Goblet cell (GC) metaplasia is a paramount feature of small airway (SA) disease in COPD, often considered as present at all generations of SA. We aim to localize which generations of SA are affected by this process in a spectrum ranging from healthy and early-emphysematous to end-stage COPD lungs.
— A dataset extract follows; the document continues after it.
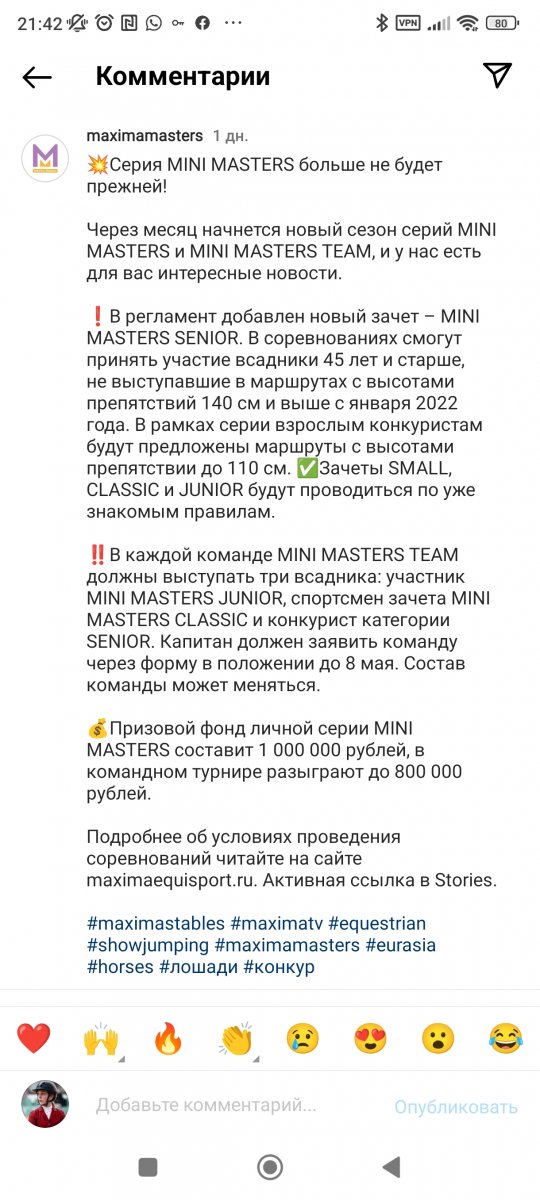 Screenshot_2023-04-18-21-42-02-860_com.instagram.android.jpg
Donor lungs unused for extra pulmonary reasons (n=10), donor lungs radiologically and histologically characterized by emphysema (n=10) and COPD explants (n=10) were frozen at TLC and processed in cores (1.4 cm diameter cylinders). From each lung, up to 4 cores (27 donors, 20 emphysema, 15 COPD cores) were randomly selected and microCT-scanned (10?m resolution), and paraffin sections were stained for GC marker MUC5AC. SA were segmented on microCT and labelled as TB (terminal bronchioles)/TB-1, TB-2/TB-3 or TB-4/TB-5 according to the generation, upwards from TB (figure 1a).

At the level of TB/TB-1, MUC5AC stained area were low in all 3 groups. In TB-2/TB-3 airways, stained area was also low although more scattered in the emphysema group. At the level of TB-4/TB-5, MUC5AC was increased in emphysema (p= 0.019) and COPD (p=0.05) vs donors (figure 1b).

The data show that GC metaplasia occurs in the distal part of the SA from an early stage of the disease. However, the absence of GC metaplasia in the very distal airways needs to be taken into account when studying this vulnerable zone of the lung.